◆ **TASK DETAILS**:
Starting at the top of the data and ending with the line that holds "wooden terrace featuring", transcribe each line exactly; include both ends.

━━━━━ INFORMATION GIVEN

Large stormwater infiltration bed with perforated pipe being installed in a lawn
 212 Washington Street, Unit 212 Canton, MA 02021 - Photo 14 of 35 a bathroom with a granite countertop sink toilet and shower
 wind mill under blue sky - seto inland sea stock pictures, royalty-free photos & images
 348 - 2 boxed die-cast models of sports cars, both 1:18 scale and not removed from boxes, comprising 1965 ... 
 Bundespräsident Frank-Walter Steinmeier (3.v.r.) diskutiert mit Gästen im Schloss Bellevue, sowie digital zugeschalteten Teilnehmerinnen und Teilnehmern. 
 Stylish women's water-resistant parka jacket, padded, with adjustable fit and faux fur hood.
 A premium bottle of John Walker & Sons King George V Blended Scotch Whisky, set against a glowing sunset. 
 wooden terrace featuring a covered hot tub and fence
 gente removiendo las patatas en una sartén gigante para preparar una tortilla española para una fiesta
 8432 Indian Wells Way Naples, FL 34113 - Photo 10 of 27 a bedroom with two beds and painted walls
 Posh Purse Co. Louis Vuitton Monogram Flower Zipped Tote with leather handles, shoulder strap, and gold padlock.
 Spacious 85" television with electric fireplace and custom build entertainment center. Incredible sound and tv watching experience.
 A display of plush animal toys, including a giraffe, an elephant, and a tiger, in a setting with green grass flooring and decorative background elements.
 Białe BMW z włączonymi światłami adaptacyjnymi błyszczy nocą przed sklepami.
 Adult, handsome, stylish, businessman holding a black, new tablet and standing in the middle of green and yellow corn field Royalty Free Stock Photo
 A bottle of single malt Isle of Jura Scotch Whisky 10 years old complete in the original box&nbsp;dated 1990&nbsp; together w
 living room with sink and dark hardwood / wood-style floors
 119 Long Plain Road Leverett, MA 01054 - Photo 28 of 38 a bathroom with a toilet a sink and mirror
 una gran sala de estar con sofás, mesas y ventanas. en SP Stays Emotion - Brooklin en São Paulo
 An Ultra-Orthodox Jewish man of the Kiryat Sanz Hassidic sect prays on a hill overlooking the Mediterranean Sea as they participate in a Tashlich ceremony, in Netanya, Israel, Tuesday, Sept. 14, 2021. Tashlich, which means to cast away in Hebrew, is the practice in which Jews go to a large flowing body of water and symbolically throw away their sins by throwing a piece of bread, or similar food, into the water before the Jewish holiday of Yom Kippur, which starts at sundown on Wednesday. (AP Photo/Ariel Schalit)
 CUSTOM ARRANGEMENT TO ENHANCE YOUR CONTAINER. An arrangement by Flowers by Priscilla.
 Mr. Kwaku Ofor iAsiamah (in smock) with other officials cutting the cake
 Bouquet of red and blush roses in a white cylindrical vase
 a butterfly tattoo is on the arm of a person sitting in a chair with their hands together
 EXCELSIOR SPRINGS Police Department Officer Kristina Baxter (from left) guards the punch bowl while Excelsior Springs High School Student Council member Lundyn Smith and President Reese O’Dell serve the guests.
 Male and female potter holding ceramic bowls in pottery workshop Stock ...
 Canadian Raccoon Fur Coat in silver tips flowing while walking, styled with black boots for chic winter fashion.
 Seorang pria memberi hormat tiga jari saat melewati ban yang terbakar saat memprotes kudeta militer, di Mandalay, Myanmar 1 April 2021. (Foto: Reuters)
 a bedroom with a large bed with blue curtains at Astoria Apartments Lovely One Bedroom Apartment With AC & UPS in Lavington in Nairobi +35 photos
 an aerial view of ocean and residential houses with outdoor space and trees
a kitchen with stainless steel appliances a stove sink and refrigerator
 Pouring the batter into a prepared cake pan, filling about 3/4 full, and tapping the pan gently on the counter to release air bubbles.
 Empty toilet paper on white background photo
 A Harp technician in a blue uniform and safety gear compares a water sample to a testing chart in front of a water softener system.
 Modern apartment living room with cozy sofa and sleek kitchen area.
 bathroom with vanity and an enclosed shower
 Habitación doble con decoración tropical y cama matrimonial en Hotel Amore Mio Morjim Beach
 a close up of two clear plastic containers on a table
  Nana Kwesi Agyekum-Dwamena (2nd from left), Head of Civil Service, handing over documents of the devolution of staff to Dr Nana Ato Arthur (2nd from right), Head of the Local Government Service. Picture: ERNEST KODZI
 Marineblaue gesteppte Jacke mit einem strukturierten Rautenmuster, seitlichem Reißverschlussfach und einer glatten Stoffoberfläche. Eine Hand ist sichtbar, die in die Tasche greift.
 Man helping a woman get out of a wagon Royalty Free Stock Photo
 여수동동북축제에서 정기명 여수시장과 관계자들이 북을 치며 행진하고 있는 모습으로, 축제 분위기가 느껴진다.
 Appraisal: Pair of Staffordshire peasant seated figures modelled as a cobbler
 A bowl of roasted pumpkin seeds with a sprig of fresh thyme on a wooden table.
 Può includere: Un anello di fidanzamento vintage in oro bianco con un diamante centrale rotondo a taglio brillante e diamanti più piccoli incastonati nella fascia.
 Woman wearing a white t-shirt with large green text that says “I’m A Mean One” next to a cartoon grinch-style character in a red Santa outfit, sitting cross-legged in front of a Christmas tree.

━━━━━━━━━━

◆ **WORKED SOLUTION**:
Large stormwater infiltration bed with perforated pipe being installed in a lawn
 212 Washington Street, Unit 212 Canton, MA 02021 - Photo 14 of 35 a bathroom with a granite countertop sink toilet and shower
 wind mill under blue sky - seto inland sea stock pictures, royalty-free photos & images
 348 - 2 boxed die-cast models of sports cars, both 1:18 scale and not removed from boxes, comprising 1965 ... 
 Bundespräsident Frank-Walter Steinmeier (3.v.r.) diskutiert mit Gästen im Schloss Bellevue, sowie digital zugeschalteten Teilnehmerinnen und Teilnehmern. 
 Stylish women's water-resistant parka jacket, padded, with adjustable fit and faux fur hood.
 A premium bottle of John Walker & Sons King George V Blended Scotch Whisky, set against a glowing sunset. 
 wooden terrace featuring a covered hot tub and fence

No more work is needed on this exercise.